From the moment of her jilting, Granny adopted denial to face her life. Her lingering love for George is certain, but she attempts to deny it. Though she says she had forgotten him, she is at pains to admit she loves him anyway; “there was something else besides the house and the man and the children… Something not given back” (Parker). Certainly, Granny here is referring to her love that was not given back by George, but she is dying to forget the matter. She is in this denial to make it through her widowed life where she has a lot to take care of. As Granny seeks a sign from God in her last moments and gets none, it is the sad memory of the jilting event that captures her imagination with brutal candidness; “For a second time there was no sign. Again no bridegroom and the priest in the house” (Parker). Denial helps her to stay out of touch with reality and at least enjoy her life the way it is. Denial of reality, taken to an extreme level, can be detected in her words while she is seriously sick when she refuses to accept her condition as bad. This is expressed in her statement to Doctor Harry; “Get along and doctor your sick,” said Granny Weatherall. “Leave a well woman alone. I’ll call for you when I want you…(Parker).
In response to the conflict, Granny dedicates her life to hard work that besides rearing her children involves attending to patients as a nurse and a midwife. It is stated that her career involved, “Riding country roads in the winter when women had their babies …: sitting up nights with sick horses and sick negroes and sick children and hardly ever losing one (Parker). The incidence of the jilting, sitting at the back of her mind, coerces her to dedicate her energies to impact positively on her society. Absence of the man she loved left her free to accomplish many good deeds, and she held on to the value she had to others. This fondness of her actions is evident in that she remembers her daughter and son consulting her on child rearing matters and business issues respectively; “She wasn’t too old yet for Lydia to be driving eighty miles for advice when one of the children jumped the track, and Jimmy still dropped in and talked things over: “Now, Mammy, you’ve a good business head, I want to know what you think of this?” (Parker). In spite of her hurtful motivations, Granny achieves a lot through her commitment to serving others selflessly up to her last days. Even in her deathbed, she muses, “there were a great many things left undone on this place. She would start tomorrow and do them” (Parker). Due to her passion of hard work, she wished to help Cornelia around.

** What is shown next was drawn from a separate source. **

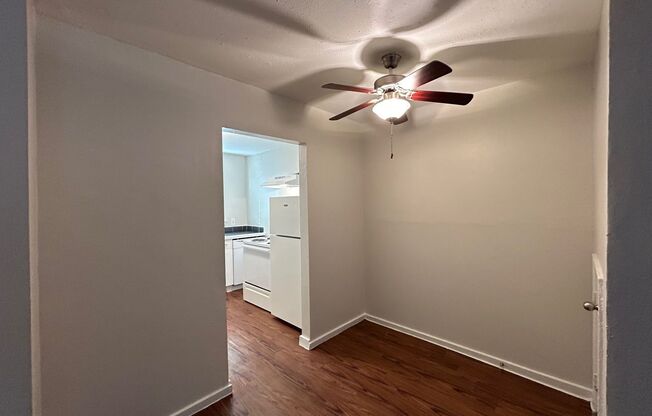 2 beds, 1 bath, $850, Unit MA9141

The conflict makes granny adopt an unhealthy attitude to caregivers where she is harsh to them. Due to her superwoman illusion created by her survival past the jilting, Granny feels that nobody should spend time caring for her as she could overcome any challenge that comes her way. This is confirmed by her attitude towards Cornelian, a daughter who is taking care of her in the house. It is stated, “Cornelia was dutiful; that was the trouble with her. Dutiful and good: “So good and dutiful,” said Granny, “that I’d like to spank her”” (Parker). This shows that Granny never wished anybody to care for her after losing George on the fateful wedding day sixty years ago. Granny’s attitude towards the Doctor Harry and priest Connolly further proves her desire to be left to her own struggles. At the first instance, she tells the doctor, “Get along now. Take your schoolbooks and go. There’s nothing wrong with me” (Parker). When the priest comes to bless her the last time she wards him off saying, “I went to Holy Communion only last week. Tell him I’m not so sinful as all that” (Parker). Granny’s refusal to accept the care frustrates the three, but they have to endure since they are dutiful in their respective roles.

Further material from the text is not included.